Above image: Retro cinema poster from Shutterstock.com.

There just isn't enough time in the human lifespan to see all the films one 'should', anymore. So why not just declare the death of the cinephile?

What does it mean to be a cinephile in the 21st century? With so many movies and television shows produced each year, instant access to all of them, and the internet to inform viewers of what they should watch and what they should skip, it seems now more than ever that anyone has the potential to be a cinephile.

In his intriguing essay “Cinephilia or the Uses of Disenchantment” published in Cinephilia: Movies, Love, and Memory (Amsterdam University Press, 2005), Thomas Elsaesser distinguishes between first- and second-generation cinephilia. First generation cinephilia, Elsaesser suggests, is “defined by the movie houses, the neighborhoods and cafes one frequented” (30). The second generation is quite different, and Elsaesser identifies two kinds of second-generation cinephilia. The first kind, Elsaesser explains, “has kept aloof from the university curriculum and kept its faith with auteur cinema,” and the second kind can be described as “post-auteur, post-theory cinephilia that has embraced the new technologies, that flourishes on the internet and finds its jouissance in an often undisguised and unapologetic fetishism of the technical prowess of the digital” (36).

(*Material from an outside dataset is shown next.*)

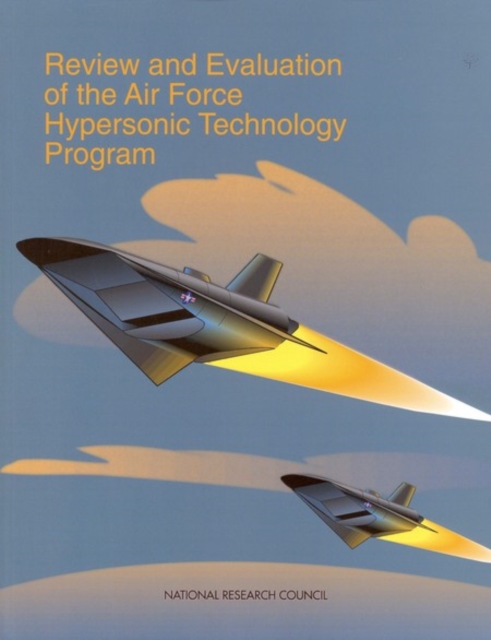 Review and Evaluation of the Air Force Hypersonic Technology Program, PDF eBook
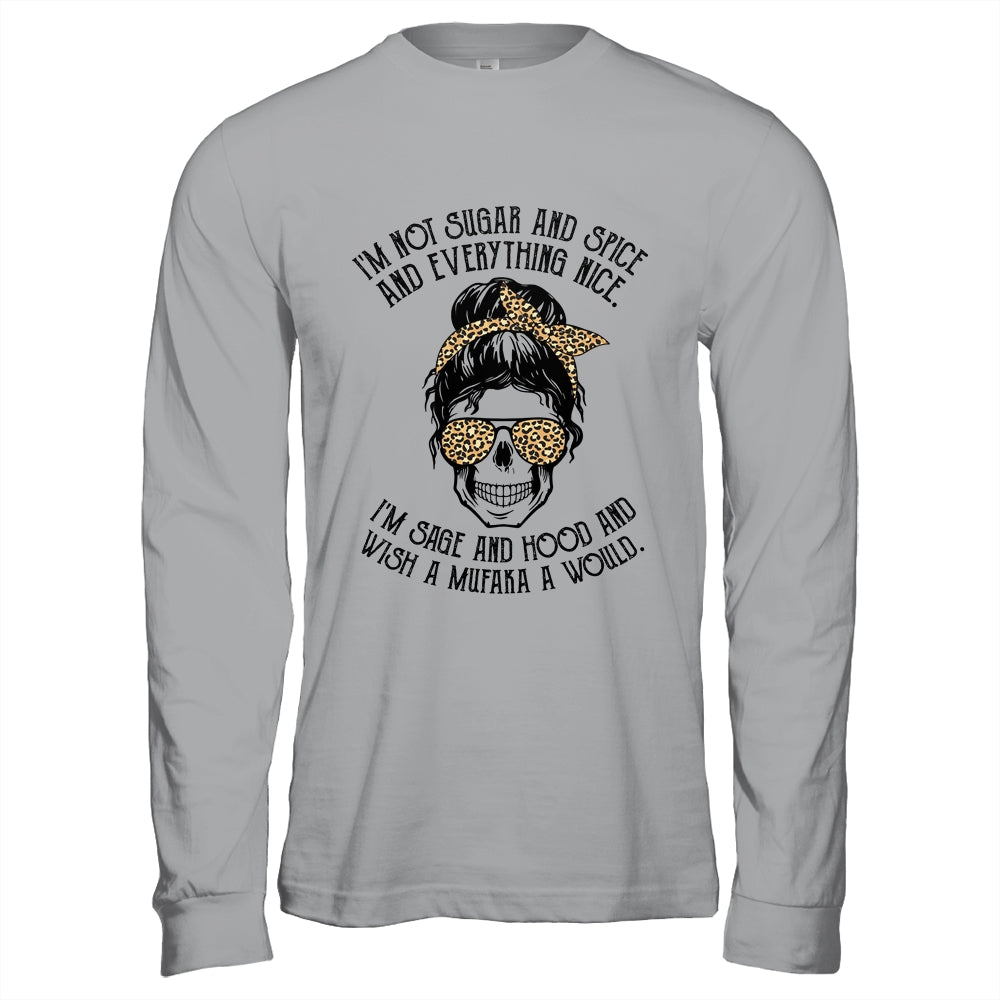 I'm Not Sugar And Spice And Everything Nice I'm Sage Hood Leopard Shirt & Hoodie | siriusteestore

Cinephiles once belonged to an elite club of movie theater dwellers, but the mass proliferation of technology and social media has granted anyone admission.
Like Elsaesser, I'm interested in the latter kind of second generation cinephilia, namely, those that have moved from movie houses to the internet, and those that have more access to media content than first generation cinephiles ever imagined. On the one hand, content accessibility via digital streaming services, DVDs sent through the mail, and resource websites like Metacritic and IMDB, has made the practice of cinephilia seemingly simpler. These days you don’t need to rely on movie theaters to catch up on the latest Godard, and you don’t have to convene at coffee shops to make your cinephiliac presence known. Instead, you can subscribe to Hulu Plus, Fandor, and Netflix and find what you need, and you can express your opinions about Godard on various internet message boards.

On the other hand, this “all access pass” has made it both practically and psychologically more complicated to be a cinephile. The convergence of media and the increased quality of television and internet programming over the years has expanded the cinephile’s scope of consumption. Now, in addition to the many movies that have been made, cinephiles have developed a passionate love for other types of visual art on television and the web.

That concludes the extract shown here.